**DATA SHOWN**
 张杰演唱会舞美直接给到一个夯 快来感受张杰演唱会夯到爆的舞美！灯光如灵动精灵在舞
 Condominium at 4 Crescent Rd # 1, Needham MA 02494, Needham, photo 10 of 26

...

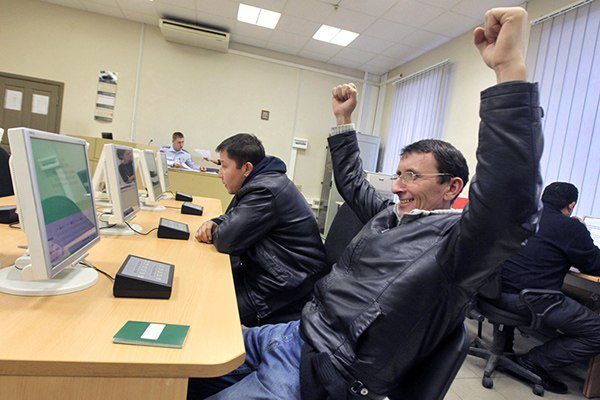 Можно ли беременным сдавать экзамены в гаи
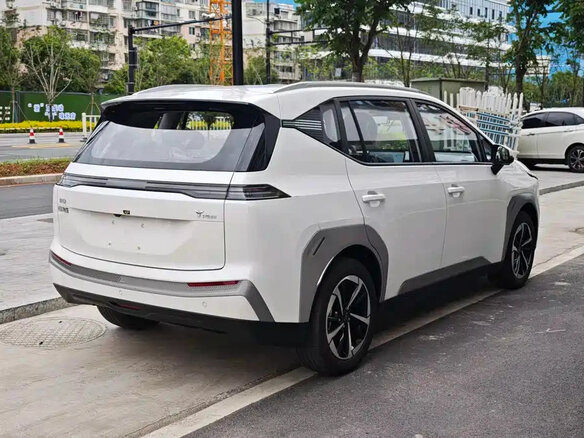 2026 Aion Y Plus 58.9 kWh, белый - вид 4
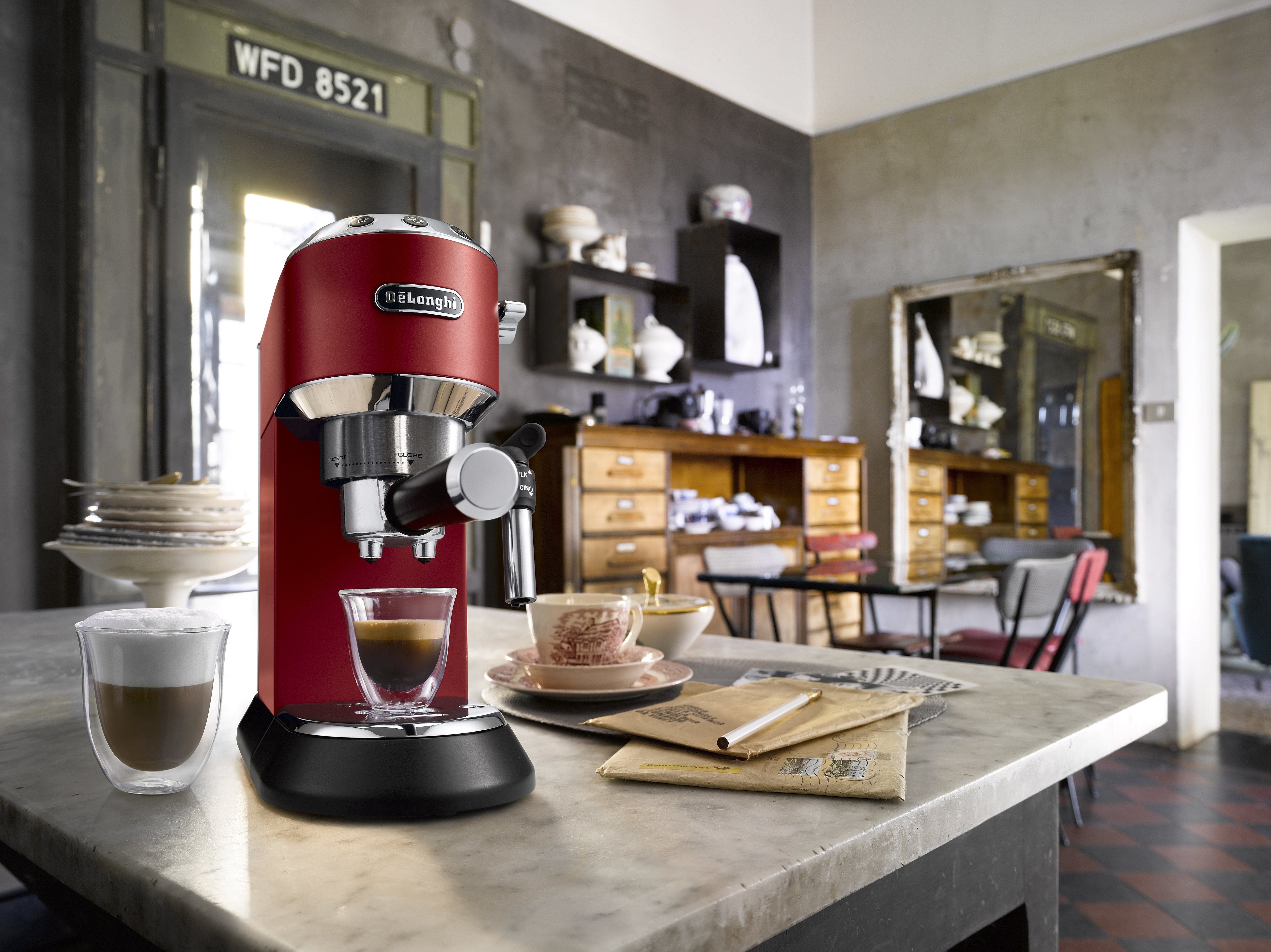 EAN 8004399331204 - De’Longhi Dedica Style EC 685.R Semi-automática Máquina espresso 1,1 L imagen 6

**EXERCISE PROMPT**
Return exactly the lines above from the line that has "张杰演唱会舞美直接给到一个夯" through the line that has "Condominium at 4", inclusive, and nothing else.

**RESPONSE TO THE TASK**
 张杰演唱会舞美直接给到一个夯 快来感受张杰演唱会夯到爆的舞美！灯光如灵动精灵在舞
 Condominium at 4 Crescent Rd # 1, Needham MA 02494, Needham, photo 10 of 26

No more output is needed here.